Begin at the line containing "2008 JEEP WRANGLER" and copy exactly through the last line of the listing, skipping every picture.

## Information supplied
%%
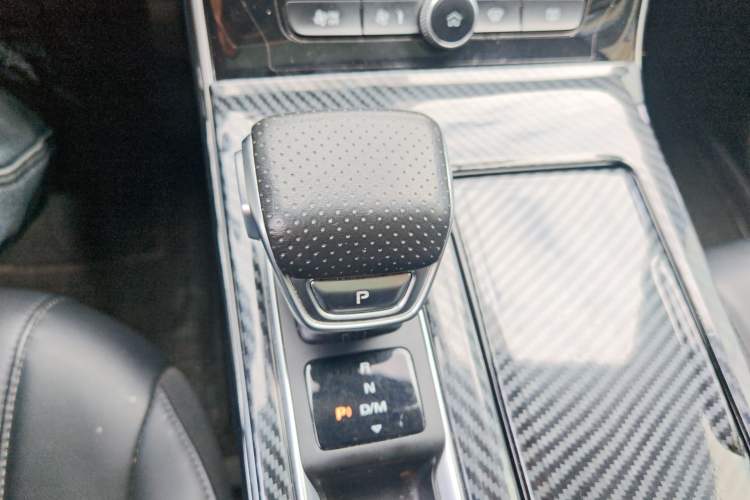 Used Roewe RX5 MAX 2019 300TGI Automatic 4G Connect Luxury Edition Gear Lever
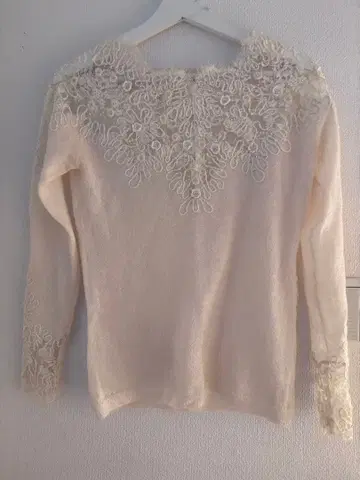 더마 컬렉션 모헤어 니트 비즈 장식 포함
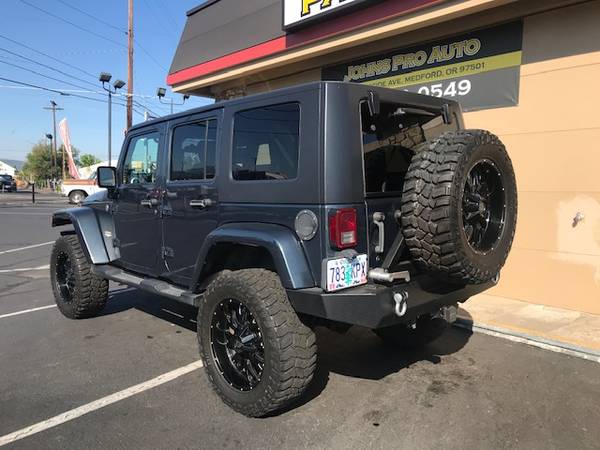 2008 JEEP WRANGLER UNLIMITED SAHARA LIFTED & LOADED. - cars & trucks... for sale in Medford, OR – photo 5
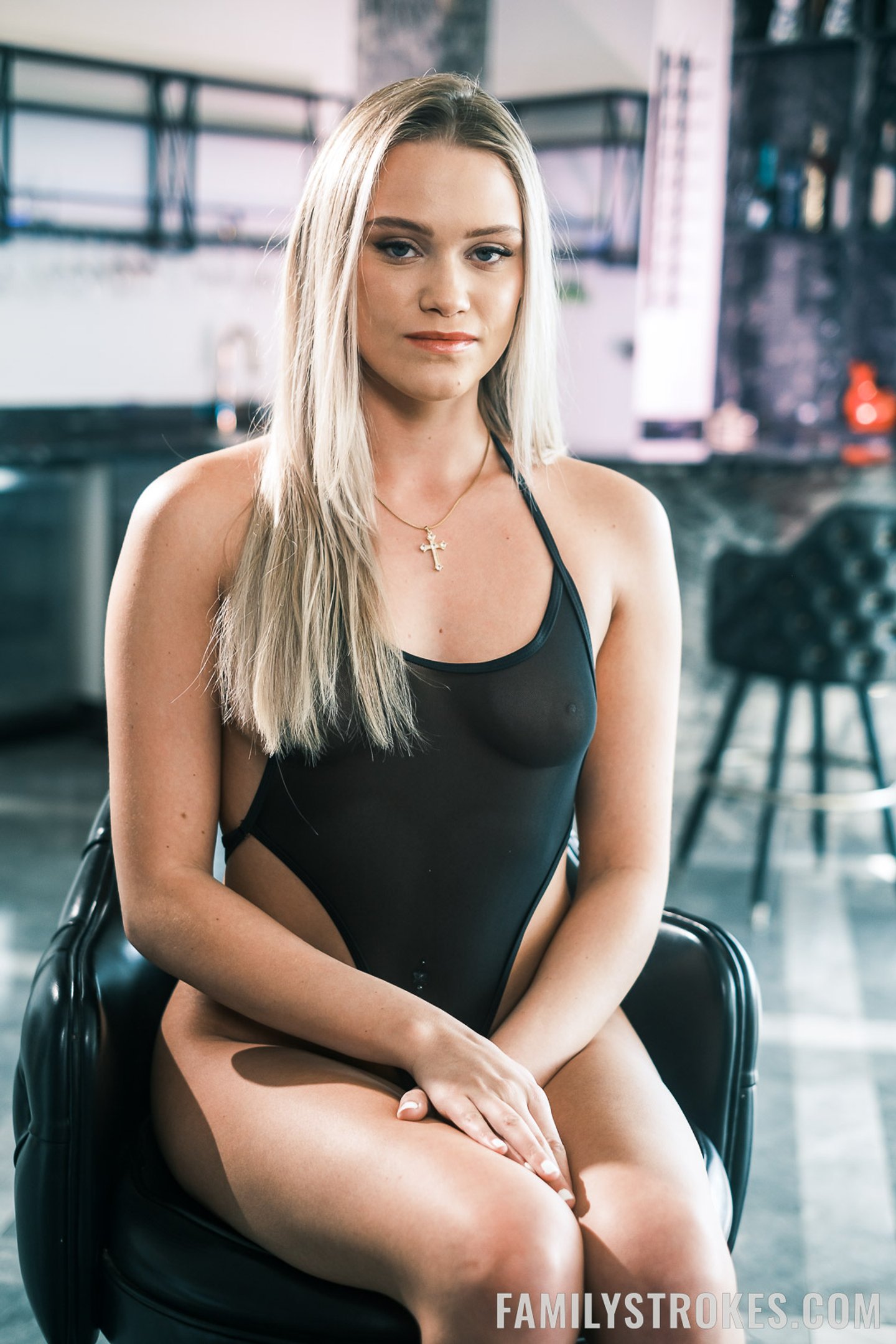 Seksowna blond nastoletnia piękność Chloe Rose zostaje wyruchana przez ojczyma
%%
## Solution to this task
 2008 JEEP WRANGLER UNLIMITED SAHARA LIFTED & LOADED. - cars & trucks... for sale in Medford, OR – photo 5
 Seksowna blond nastoletnia piękność Chloe Rose zostaje wyruchana przez ojczyma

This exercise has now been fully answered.